Beatrice was dying, but she refused to go to a nursing home. All alone in New York City, her closest relative lived fifteen hours away, Petrow noted, so he decided to visit her instead. 

“When I visit she acts as though I were still a child and pretends that nothing has changed,” Petrow wrote. “Things have changed though, her hair goes unfixed, her face unmade. In some ways, she is walking naked now."

During one of his visits, Petrow and Beatrice discussed the passage of time. 

“Everyday is a Sunday to me. Each day is the same and goes on forever," Beatrice told him with her face "blank of any expression."

Meet Rice

In 1976, Rice was a former student activist and hippie.

“Not even half of Beatrice’s years, Rice has lived through much hell and heat in his score and a half,” Petrow wrote. “Born on St. Thomas in the Virgin Islands, […] He was all-American; he was all messed up.” 

Rice was an undergraduate at Columbia and pursued post-graduate work at the University of Chicago before he was swept up in the student protest movement in 1968. He participated in protests and strikes at Columbia, University of Chicago and in Washington.

“[Rice] was willing to die for the America he sought. He wasn’t willing to die in a rice paddy or under a mosquito net in some jungle, but he risked his life in both Chicago and Washington,” Petrow wrote. “He was shot at and teargassed, he was clubbed in those bloody battles with America’s finest.”

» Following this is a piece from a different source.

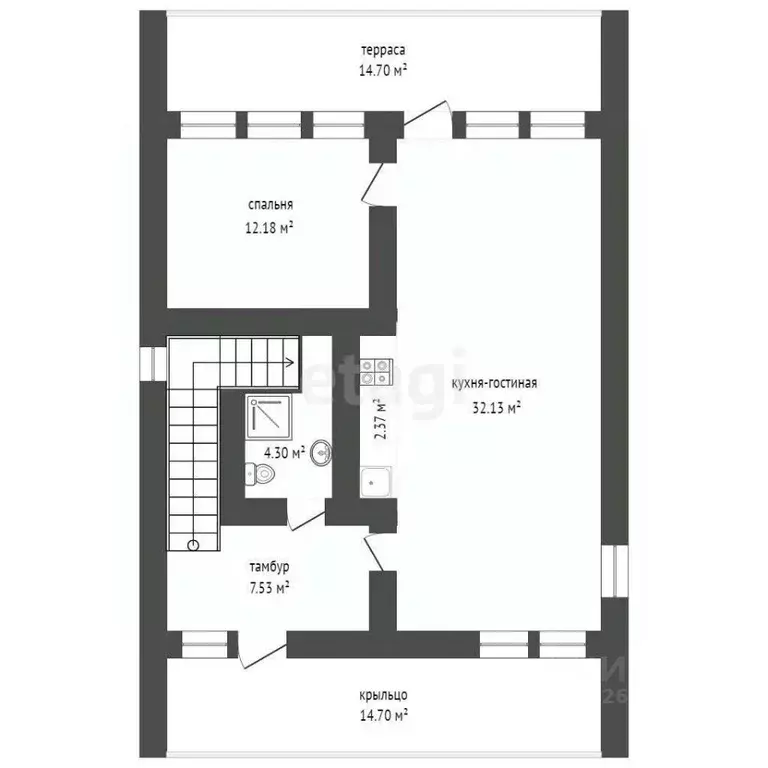 Дом в Московская область, Одинцовский городской округ, с. Немчиновка ... - Фото 2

By 1976, Rice was married and working as a free-lance writer. He had reached his “golden boy days after all,” Petrow remarked.

Meet Charlie 

In 1976, Charlie was a 19-year-old African American farmer. He had been harvesting vegetables since 1971. 

Petrow described Charlie as a migrant because he moved from Florida to South Carolina to North Carolina during the year, following the crops that gave him work.

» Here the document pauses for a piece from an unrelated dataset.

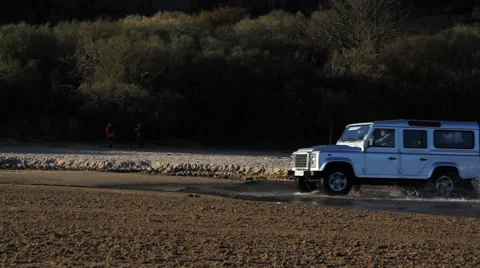 Off road vehicle Stock Footage 46627205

“Sitting in the dirt, pulling, edging down the row, the temperature mounting, that is his day. That is every day. The sun drains you in a continuous process out in the field. There is no escape from it,” Petrow wrote. “By 3 p.m. Charlie has had it. Quitting time isn't until 4. The last hour is a long one. The next day will be a long one. The next week will be no different. Charlie won't look any further than that.”

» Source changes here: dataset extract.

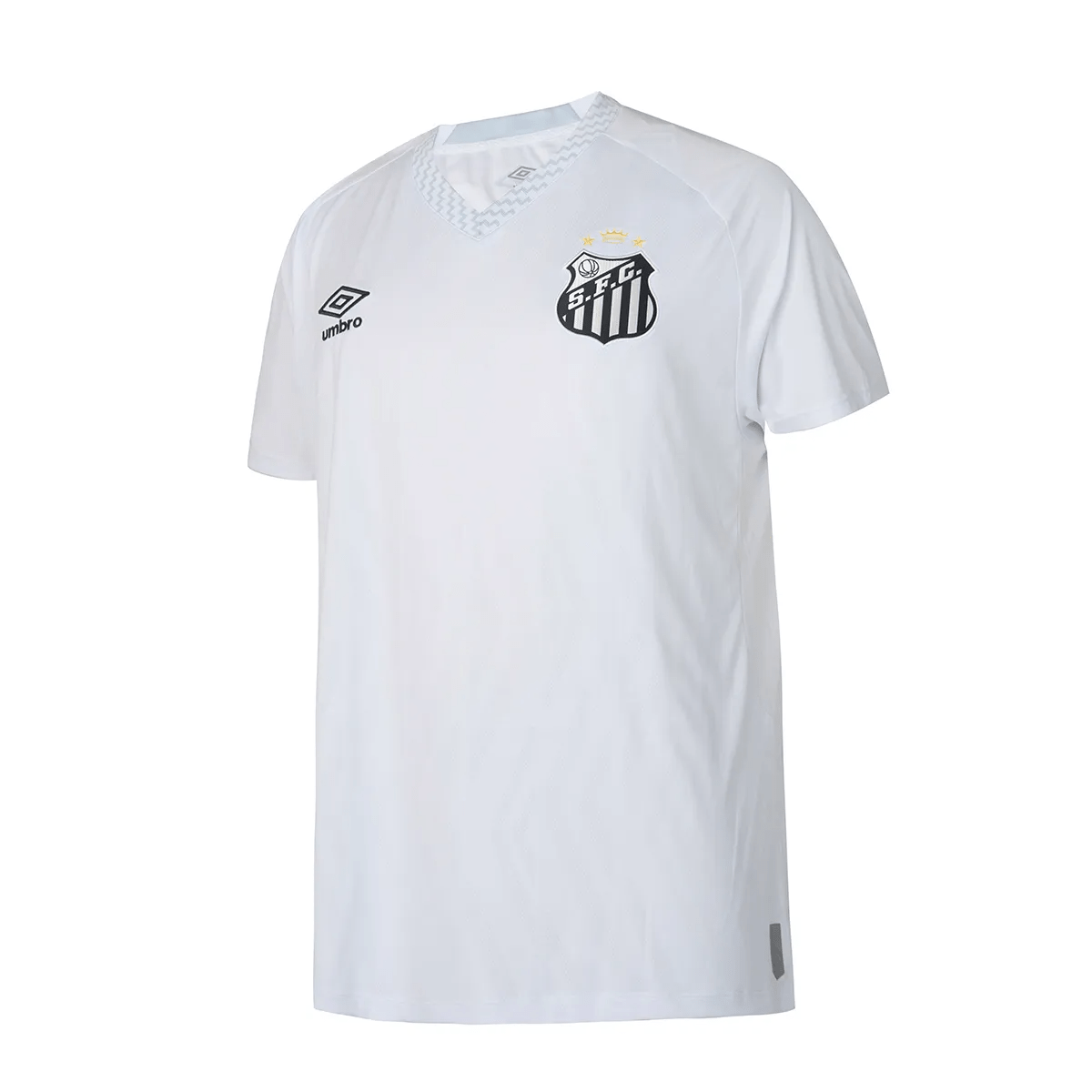 Camisa do Santos II 2025 branca - Garcêz Sports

But, when the work week ended, Charlie became more than just a farmer. Known as “Jitterbug,” he was a dancer and a lady’s man.

“Pink bellbottoms and a flashy shirt, he is ready. He is stunning," Petrow wrote.

Meet Michele

In 1976, Michele dreamed of becoming a lawyer.

After her freshman year at Georgetown, Michele worked as a library computer programmer for a prestigious law firm in Washington, DC.

Raised by German-Jewish immigrants, she had a comfortable, but not luxurious, childhood. In college, she was hungry to make something of herself.

“She wants to be a ‘professional,’ as they call lawyers nowadays,” Petrow wrote. “She is interested in and attracted to making money and spending that money. She shops only at the chic boutiques and dresses the part of a smart looking lawyer.”

Petrow grew up with Michelle—they were born a week apart in the same hospital. As her childhood friend, he offered a nuanced perspective on her lifestyle.

“Knowing Michele in any intimate way, one finds that she is not the image she projects herself to be. She is insecure and needs continual affirmation. She will be the first to tell you that she is not happy and that her life will not be a happy one,” Petrow wrote. “Why? you ask, and she will say that’s the way it will go. She is fatalistic like many in her generation and in bondage through responsibilities and obligations she refuses to throw off.”